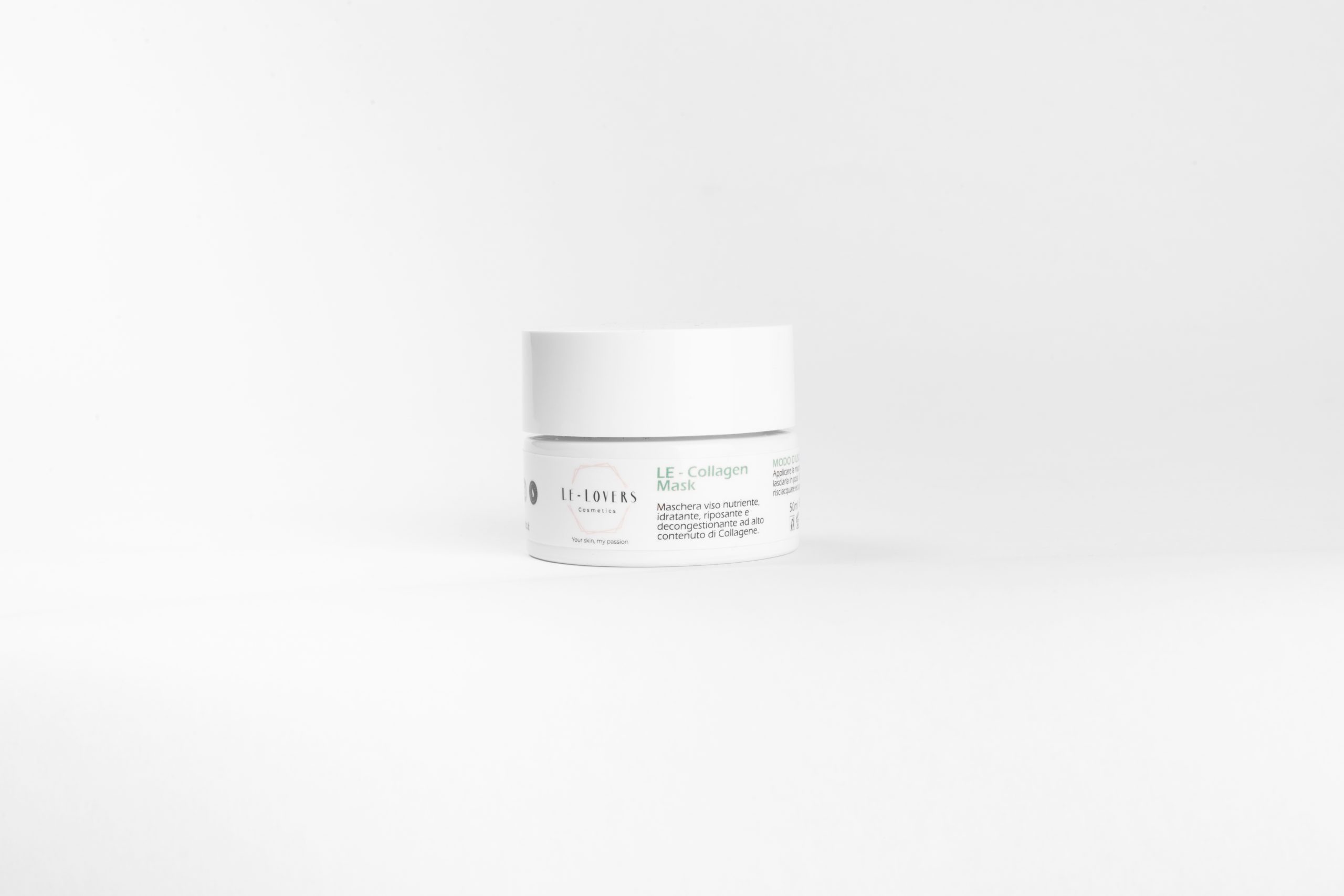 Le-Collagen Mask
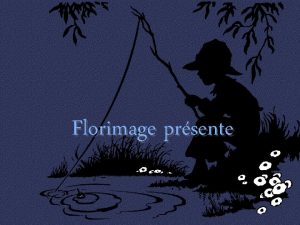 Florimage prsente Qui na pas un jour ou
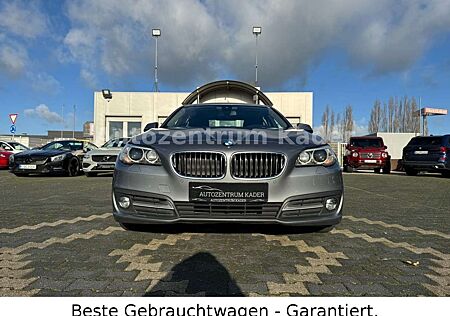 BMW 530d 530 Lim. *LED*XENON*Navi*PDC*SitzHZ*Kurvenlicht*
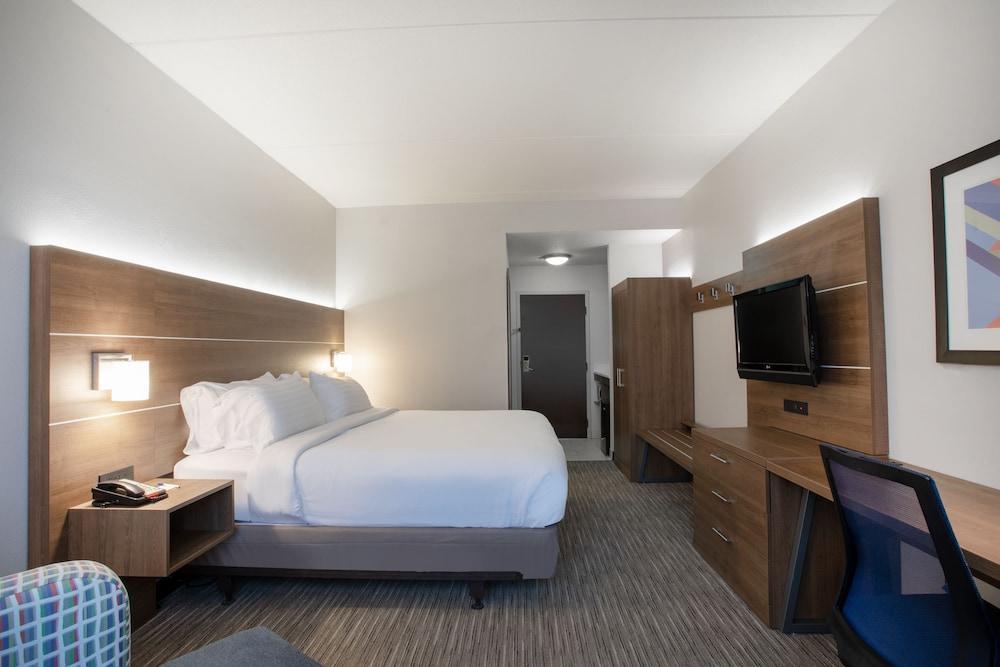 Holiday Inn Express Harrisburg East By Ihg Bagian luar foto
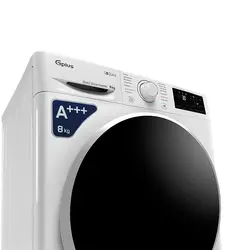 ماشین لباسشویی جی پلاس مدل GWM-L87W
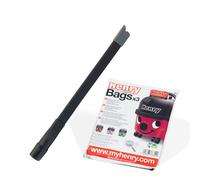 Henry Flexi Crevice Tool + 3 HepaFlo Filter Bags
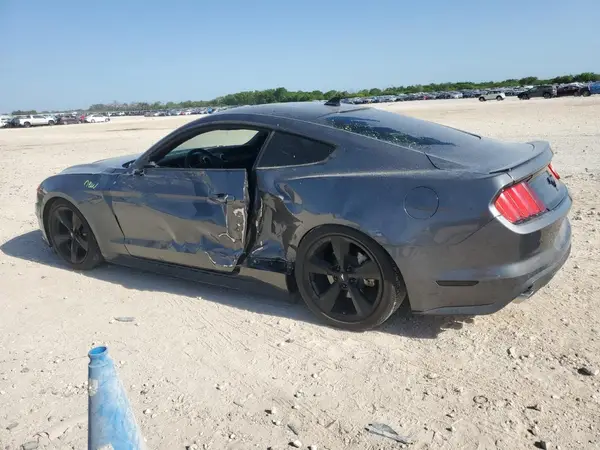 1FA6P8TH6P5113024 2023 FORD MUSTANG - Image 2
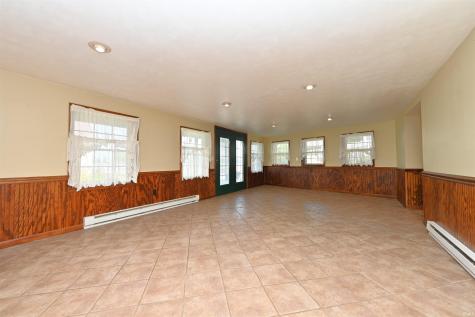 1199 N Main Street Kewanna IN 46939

● ● ● ● ● ● ●

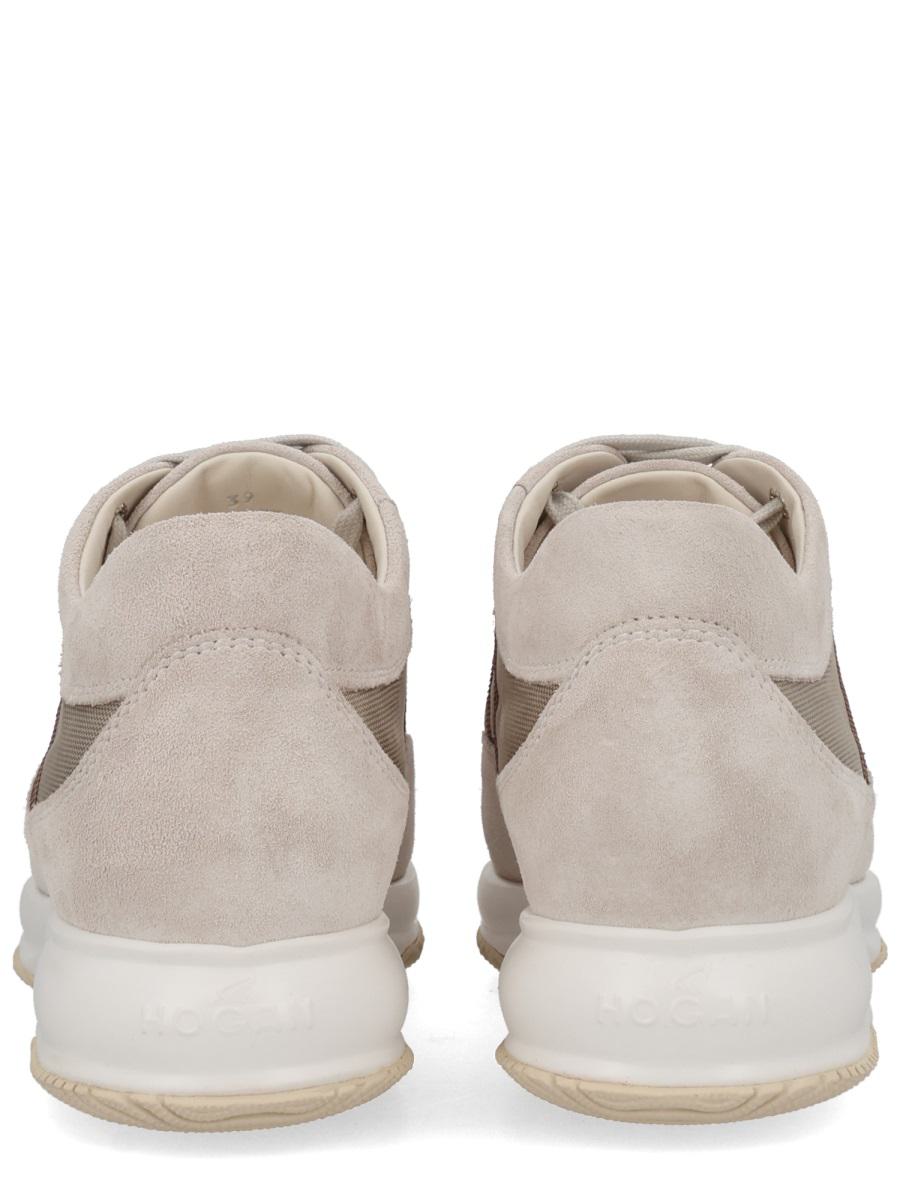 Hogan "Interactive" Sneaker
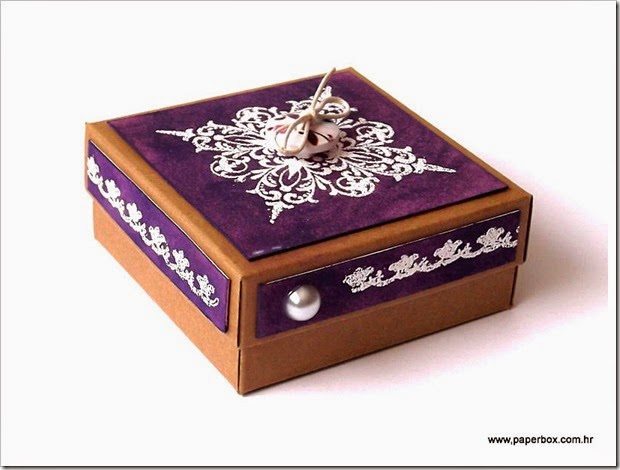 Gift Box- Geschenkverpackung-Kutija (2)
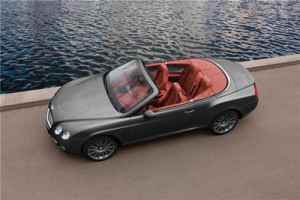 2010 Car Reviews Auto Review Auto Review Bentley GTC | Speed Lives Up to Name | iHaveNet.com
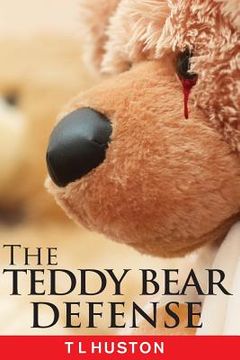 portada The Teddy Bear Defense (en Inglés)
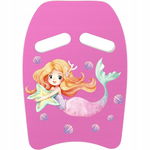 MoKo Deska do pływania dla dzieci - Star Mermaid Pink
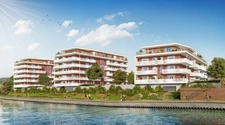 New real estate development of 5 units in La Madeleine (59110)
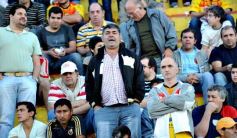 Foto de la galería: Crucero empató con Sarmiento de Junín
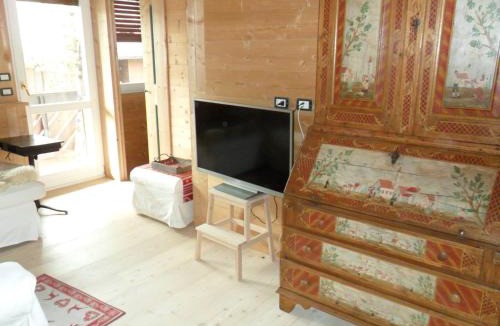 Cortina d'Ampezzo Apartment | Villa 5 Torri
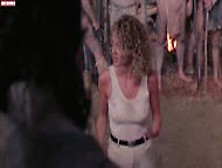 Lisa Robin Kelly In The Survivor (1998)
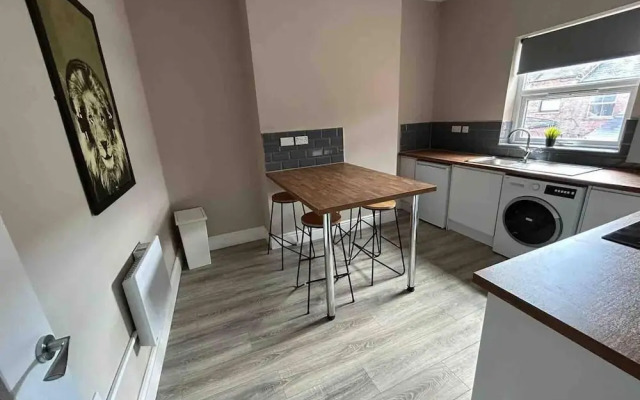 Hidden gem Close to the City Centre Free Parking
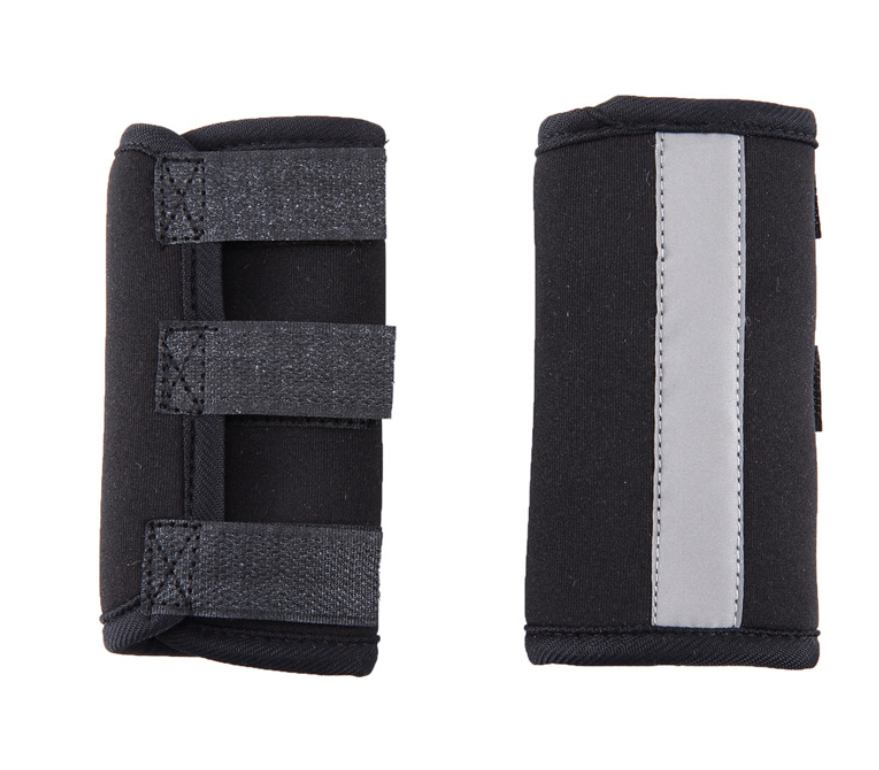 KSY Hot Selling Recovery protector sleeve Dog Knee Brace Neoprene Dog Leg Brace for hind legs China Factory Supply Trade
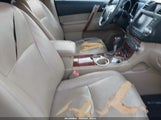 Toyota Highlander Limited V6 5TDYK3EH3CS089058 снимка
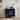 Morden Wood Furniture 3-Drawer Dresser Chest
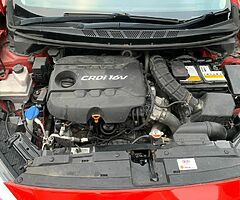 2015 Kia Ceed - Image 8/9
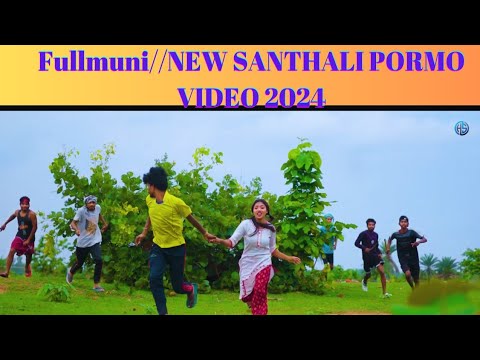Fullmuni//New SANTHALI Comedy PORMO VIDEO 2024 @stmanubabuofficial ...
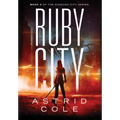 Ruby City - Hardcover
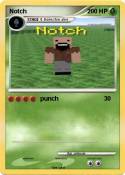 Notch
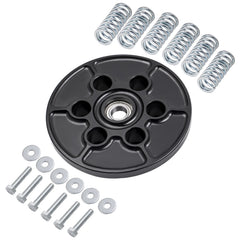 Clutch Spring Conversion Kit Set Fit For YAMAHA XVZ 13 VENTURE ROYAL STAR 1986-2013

● ● ● ● ● ● ●

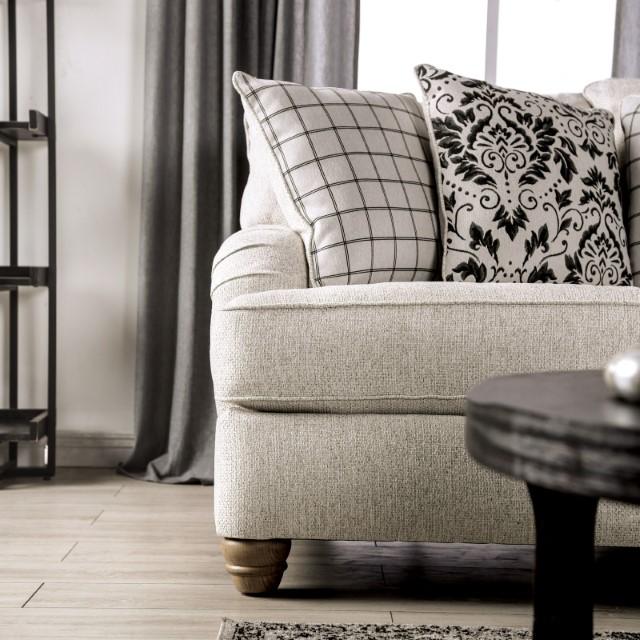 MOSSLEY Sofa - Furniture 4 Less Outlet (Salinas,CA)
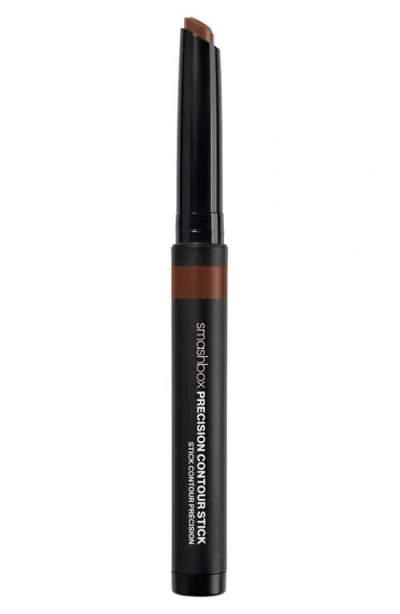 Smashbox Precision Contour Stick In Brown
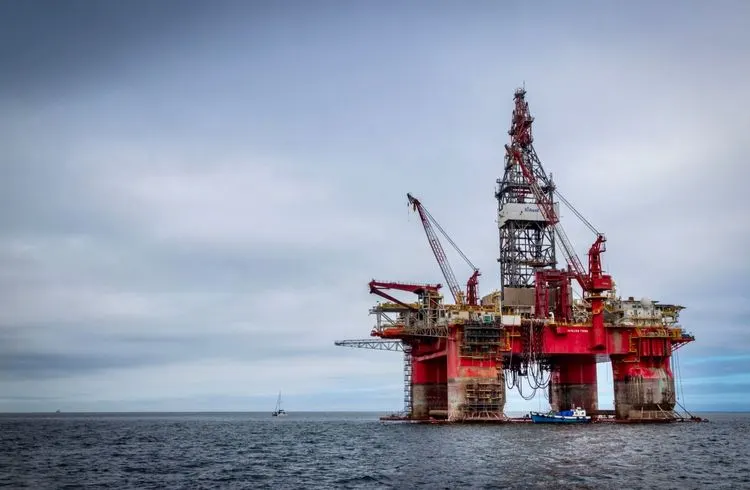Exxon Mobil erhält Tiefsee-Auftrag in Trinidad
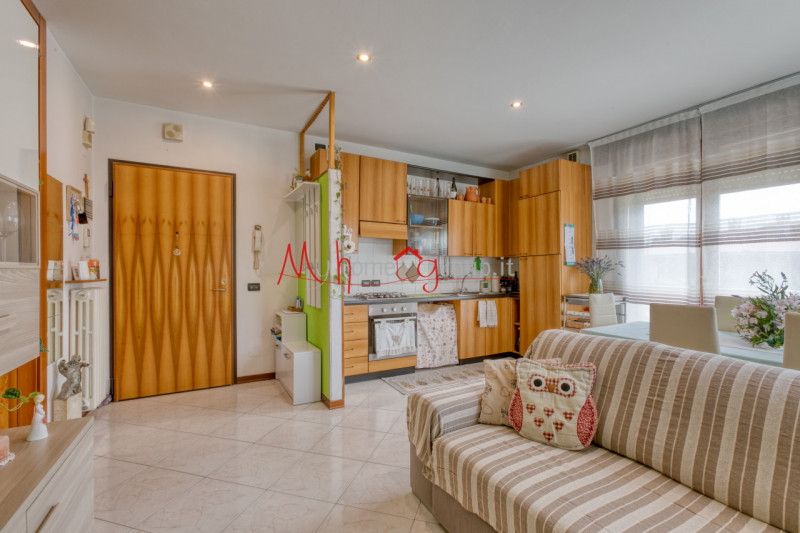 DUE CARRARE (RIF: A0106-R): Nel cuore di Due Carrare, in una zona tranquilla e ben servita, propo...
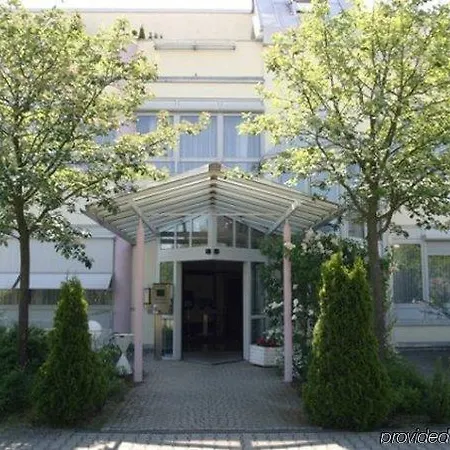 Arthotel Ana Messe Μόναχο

● ● ● ● ● ● ●

= Work task =
Pictures excluded, reproduce only the part above that opens with the line holding "Le-Collagen Mask" and closes with the line holding "1FA6P8TH6P5113024 2023 FORD", exactly as written.

= Solution to this problem =
 Le-Collagen Mask
 Florimage prsente Qui na pas un jour ou
 BMW 530d 530 Lim. *LED*XENON*Navi*PDC*SitzHZ*Kurvenlicht*
 Holiday Inn Express Harrisburg East By Ihg Bagian luar foto
 ماشین لباسشویی جی پلاس مدل GWM-L87W
 Henry Flexi Crevice Tool + 3 HepaFlo Filter Bags
 1FA6P8TH6P5113024 2023 FORD MUSTANG - Image 2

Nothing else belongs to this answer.